→ Exercise brief: Once the line containing "LARGE TELECHRON VINTAGE WALL CLOCK (1 of 14)" is located in the records below, repeat it and all lines that follow it exactly, leaving out any picture.

→ Short text fragments from websites:
┄┄┄┄┄┄┄┄┄┄┄┄┄┄┄┄┄┄┄┄
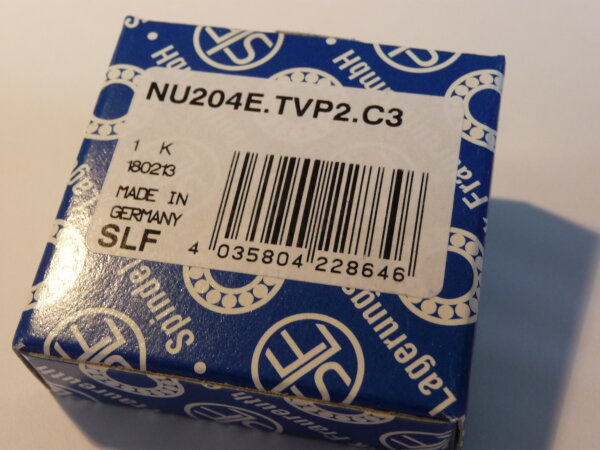 Zylinderrollenlager NU204E.TVP2/C3 - SLF  ( Polyamidkäfig )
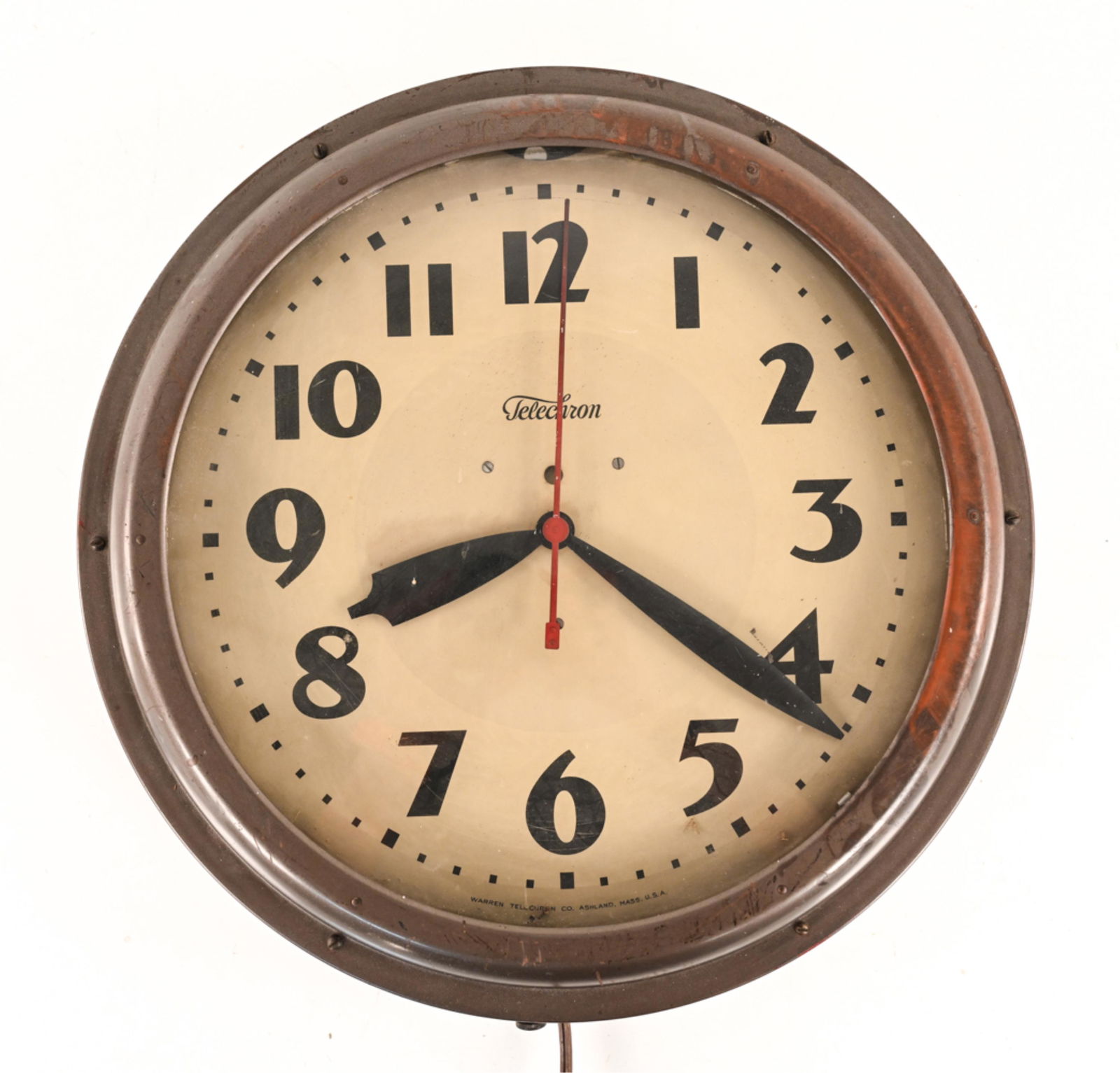 LARGE TELECHRON VINTAGE WALL CLOCK (1 of 14)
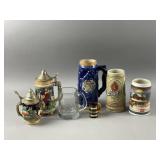Vtg German, Miller, Strohï¿½s Steins & More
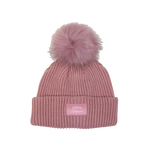 Kentucky Horsewear - Bonnet pompom vieux rose | - Ohlala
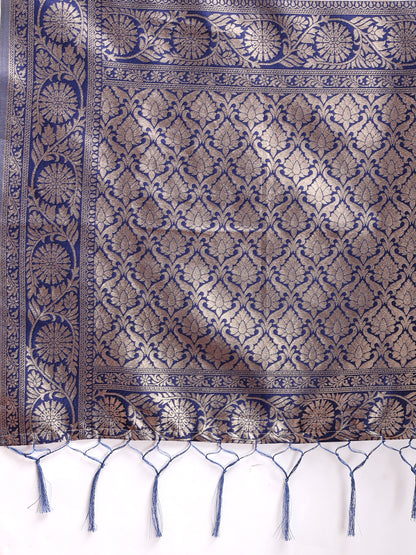 Astita White & Maroon Woven Linen Cotton Saree with Rich Zari Border – Soft Festive Wear Saree for Women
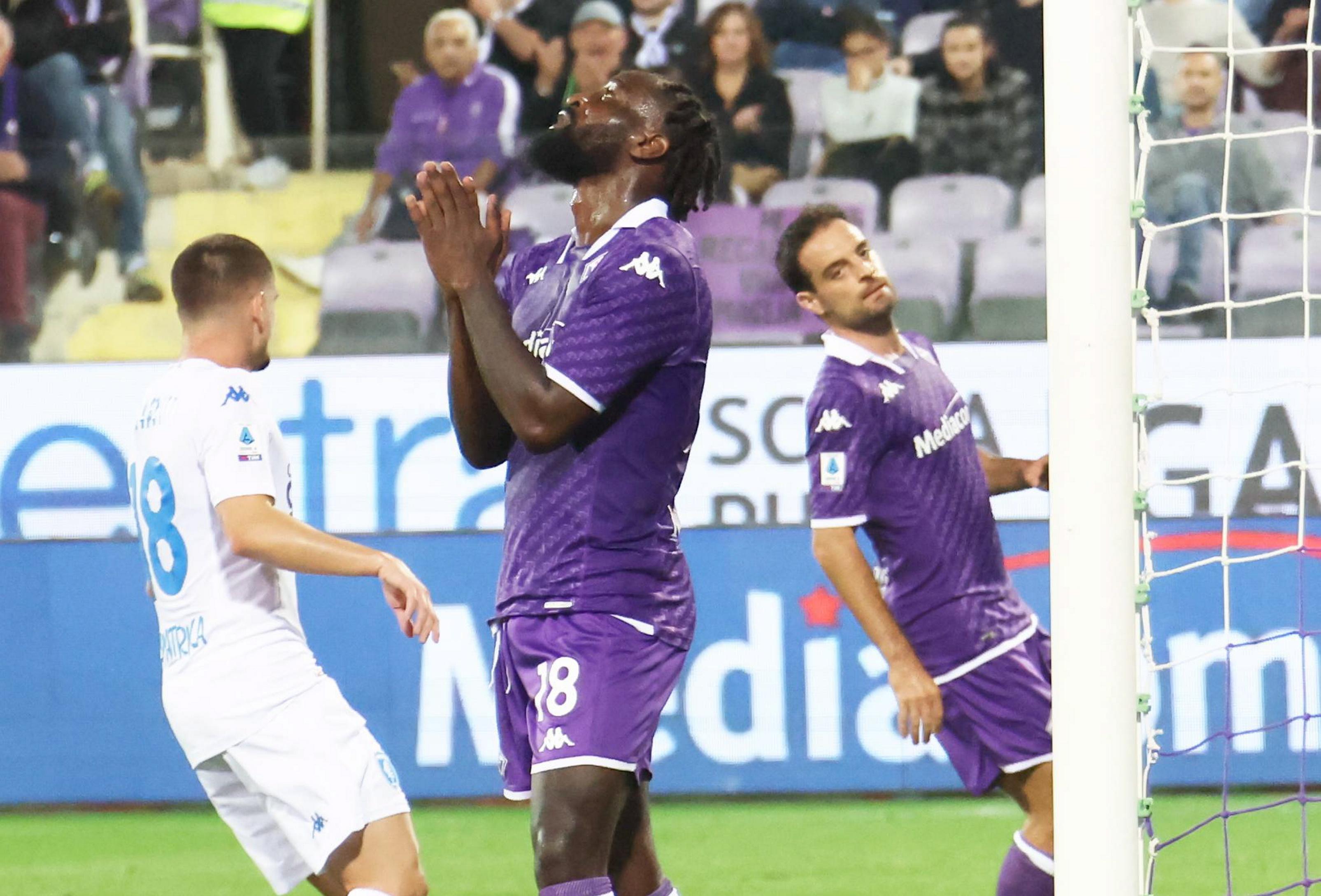 M'Bala Nzola dopo aver fallito un gol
┄┄┄┄┄┄┄┄┄┄┄┄┄┄┄┄┄┄┄┄
→ Task response:
 LARGE TELECHRON VINTAGE WALL CLOCK (1 of 14)
Vtg German, Miller, Strohï¿½s Steins & More
 Kentucky Horsewear - Bonnet pompom vieux rose | - Ohlala
 Astita White & Maroon Woven Linen Cotton Saree with Rich Zari Border – Soft Festive Wear Saree for Women
 M'Bala Nzola dopo aver fallito un gol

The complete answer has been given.